A Câmara de Comércio Angola-China (CAC), criada este ano, anunciou que já estão em curso diligências para criar delegações da CAC em todas as províncias da China. Quem o disse foi Arnaldo Calado, presidente do organismo durante a cerimónia de tomada de posse dos 18 delegados provinciais da câmara. O responsável acredita ser importante estabelecer parcerias entre empresários angolanos e chineses, aproveitando os fundos concedidos pelo governo chinês para apoiar o desenvolvimento económico de Luanda. “Vamos ajudar os empresários das províncias a apresentarem projectos de desenvolvimento que possam receber apoio financeiro da China”, referiu. Na ocasião, a CAC prometeu acelerar a execução de projectos identificados nas 18 províncias angolanas, referindo que 60 por cento destes projectos estão ligados a investimentos no sector da agricultura.

 

Brasil aumenta exportações de carnes para a China

As exportações de carne de frango do Brasil para a China nos primeiros 11 meses de 2016 aumentaram 63 por cento, quando comparadas com o mesmo período de 2015, de acordo com a Associação Brasileira de Proteína Animal.
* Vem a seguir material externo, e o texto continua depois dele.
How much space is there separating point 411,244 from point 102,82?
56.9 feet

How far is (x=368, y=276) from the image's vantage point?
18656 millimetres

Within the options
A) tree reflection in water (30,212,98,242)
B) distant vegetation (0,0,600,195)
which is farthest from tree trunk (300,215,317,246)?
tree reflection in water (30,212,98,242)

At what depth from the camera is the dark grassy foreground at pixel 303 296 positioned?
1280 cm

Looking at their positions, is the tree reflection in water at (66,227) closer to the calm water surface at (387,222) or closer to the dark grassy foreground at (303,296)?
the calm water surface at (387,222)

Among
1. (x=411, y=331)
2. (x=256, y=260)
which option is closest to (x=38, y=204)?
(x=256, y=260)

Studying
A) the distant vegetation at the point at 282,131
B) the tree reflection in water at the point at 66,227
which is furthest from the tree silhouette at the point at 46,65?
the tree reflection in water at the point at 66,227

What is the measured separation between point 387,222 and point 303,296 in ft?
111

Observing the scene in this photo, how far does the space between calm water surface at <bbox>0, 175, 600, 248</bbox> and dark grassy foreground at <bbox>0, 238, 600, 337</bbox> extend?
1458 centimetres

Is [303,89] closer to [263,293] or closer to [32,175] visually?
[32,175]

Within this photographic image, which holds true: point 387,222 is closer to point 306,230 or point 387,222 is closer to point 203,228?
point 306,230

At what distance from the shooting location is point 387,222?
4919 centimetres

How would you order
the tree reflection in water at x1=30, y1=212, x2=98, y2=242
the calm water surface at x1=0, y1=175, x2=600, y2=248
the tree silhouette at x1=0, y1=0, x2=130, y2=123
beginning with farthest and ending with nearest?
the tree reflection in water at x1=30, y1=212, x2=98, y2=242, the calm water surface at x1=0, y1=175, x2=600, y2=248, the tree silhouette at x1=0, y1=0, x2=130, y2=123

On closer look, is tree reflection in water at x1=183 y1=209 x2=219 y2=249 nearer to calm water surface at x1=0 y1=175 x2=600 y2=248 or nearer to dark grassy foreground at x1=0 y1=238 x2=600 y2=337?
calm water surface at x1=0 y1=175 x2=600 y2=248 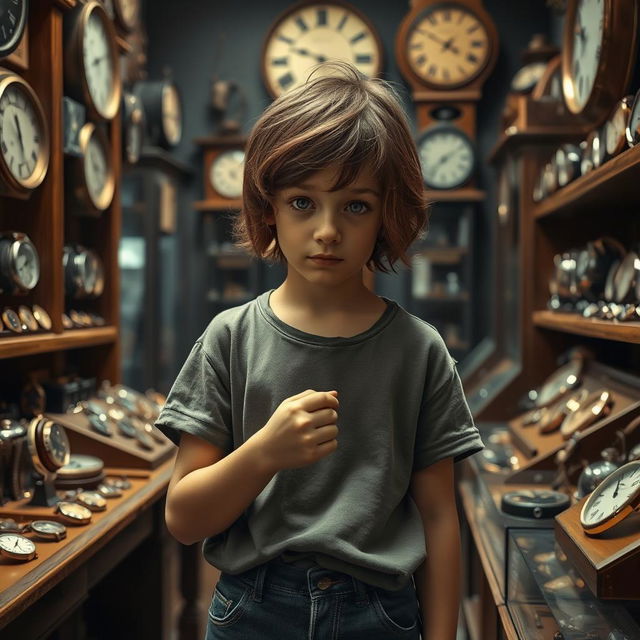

Segundo dados desta associação, a China importou 451 mil toneladas de carne de frango e é já o segundo maior importador, depois da Arábia Saudita. As exportações de carne de frango para Hong Kong até Novembro de 2016 cresceram seis por cento e atingiram 228 mil toneladas. Previsões apontam que as exportações globais de carne de frango do Brasil em 2016 sejam de cerca de 4,39 milhões de toneladas. Já no que diz respeito às exportações de carne suína, o Brasil enviou para a China entre Janeiro e Novembro 82,1 mil toneladas, representando uma subida de 1952 por cento, ao passo que as exportações para Hong Kong atingiram 152,8 mil toneladas, mais 39 por cento.

 

Dongguan com novo centro de apoio para empresários brasileiros e chineses

A Câmara de Comércio Brasil-China vai abrir já este ano em Dongguan, na Província de Guangdong, um edifício onde vão funcionar serviços destinados a apoiar as relações comerciais e económicas entre os dois países. Em Dongguan, com uma população de cerca de oito milhões de habitantes, vive uma grande comunidade brasileira, ligada sobretudo à indústria do calçado e dos cabedais. O complexo envolve um investimento de 200 milhões de dólares norte-americanos, vai estar situado numa área de 35 hectares e possui 75 mil metros quadrados de construção. O centro vai reunir serviços de assessoria jurídica internacional e alfandegária, fornecedores de produtos e soluções logísticas e escritórios de representação de empresas brasileiras e chinesas. A primeira fase do projecto, onde deverão ficar instaladas 200 empresas, foi já inaugurada e contou com a presença de representantes dos governos estaduais de Mato Grosso do Sul, Mato Grosso, São Paulo, do Ministério do Turismo do Brasil, da cidade de Campinas e responsáveis governamentais chineses.